Beyond the formal and imaginative energies enacted in the verse, what I cherish in Josh Weiner's poetry is the vision of identity those energies serve. For the person implied by the nervy, surprising yet always precise language of these poems, identity isn't fixed or fated, hidden away inside us waiting to be found. Identity is rather something continuously made and remade in the crucible of social life -- less an entity than an open-ended range of imaginative and linguistic possibilities which the rigors, obligations and accidents of life simultaneously require and impede.

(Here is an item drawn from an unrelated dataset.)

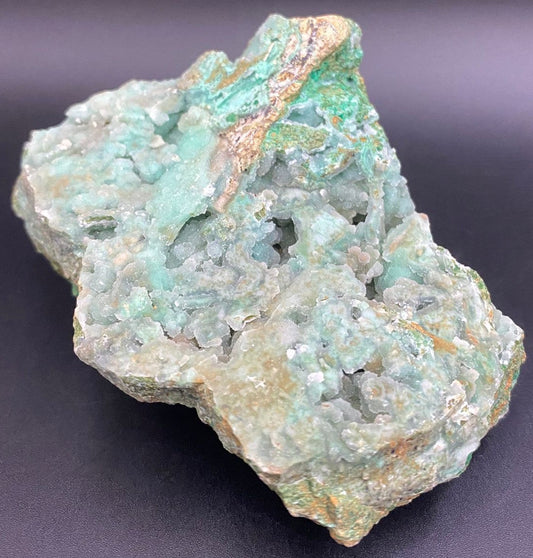Specimen de garnierit natural de 8.8 cm piatra semipretioasa bruta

If his is a poetry of self-discovery, the self-discovery arises in the company of others who for good or ill compel us to imagine how we could be otherwise than as we are.

--Alan Shapiro

The Dog State

Her reproach gathered in my inside atmosphere.

I fantasized my finger

drawing a tear line down her cheek

to trace a trail of hurt I thought to follow.

I hoped to touch her with a lightness

signifying sorrow, with a touch

leading me to sorrow's place

where I could feel it, and in that feeling

compose the man I imagine she loved.

The new dog loved me like a story-book dog,

slept curled tight into a cinnamon bun

by my bed at night, the AC cranked so high

my room was a box of winter inside the heart

of suburban summer heat. She'd wait outside

the houses of friends for hours till I appeared

like a miracle to acknowledge her, to praise

her loyalty, her patience, all sounds emerging

from me sounding like approval

and I did approve, rewarding with my kind attentions.

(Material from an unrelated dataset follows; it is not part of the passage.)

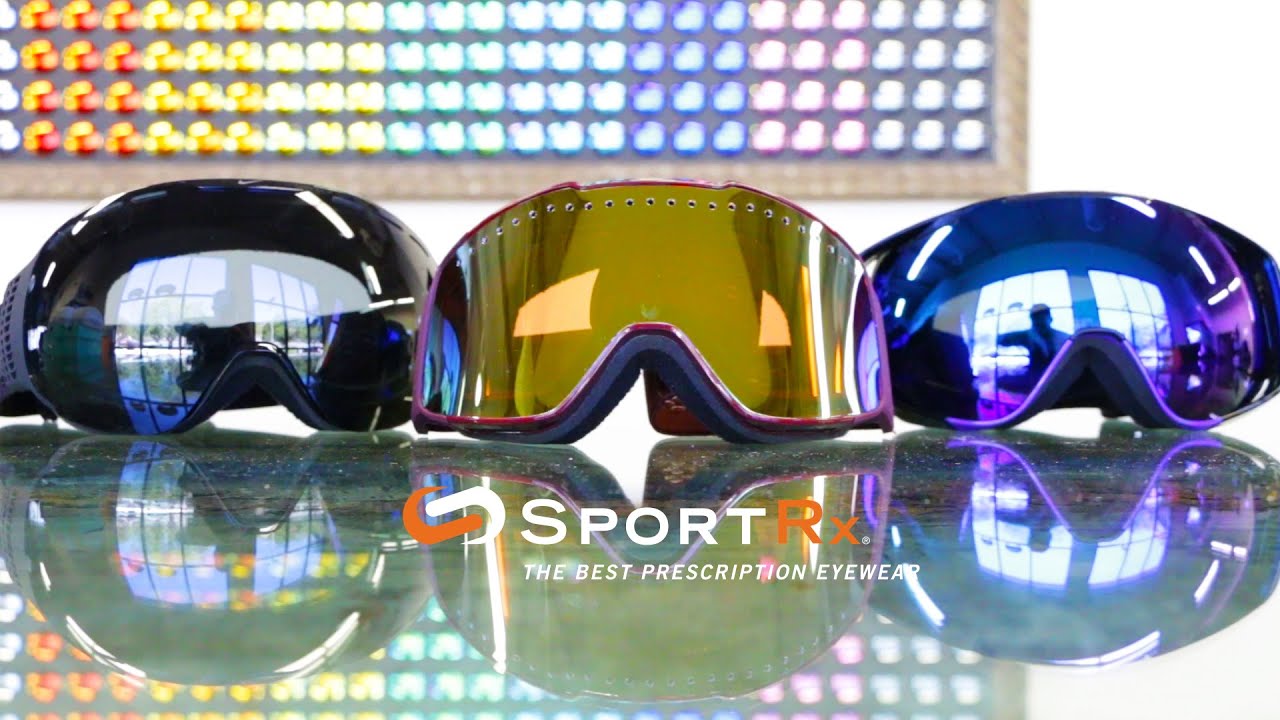 Nike Snow Goggles | SportRx - YouTube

While working down a bone, she had a way of glancing

up at me, jaws never pausing, and I swear

she was flirting, it made me feel funny

as if she weren't just a dog, the way animals

sometimes express the human --

but like a suggestion it embarrassed me,

having so recently arrived to the year my image

first appeared to me alien and corrupted:

I am enclosed in my own fat, my face scarred;

besides God, who could love me?

And who could I tell what happened,

what must seem just a mindless act

without consequence, like jamming

firecrackers up a frog

or waiting to steal the report card

you know will come, must come

as she came to compliment my ugliness:

there in the yard she tensed on a shaggy haunch,

black nuzzle moist with slobber,

ears erect, her gaze stitched

to my every movement, the wanting so condensed

her tail sailed without wagging

as I retrieved the bone from beneath a bench

and snapped it back to sling it as far

beyond the yard as I could throw

when she crumpled

cringing beneath the arm now writing this

cocked then to fire without harm.

Not a story-book dog, in fact she was pure mutt

bought cheap from the mailman

who must have beat her often and hard, she cowered

so low to the ground, eye lids fluttering

with fear and acceptance at the human hand

(his knuckles, unlike mine, sprouted hair thick as wire)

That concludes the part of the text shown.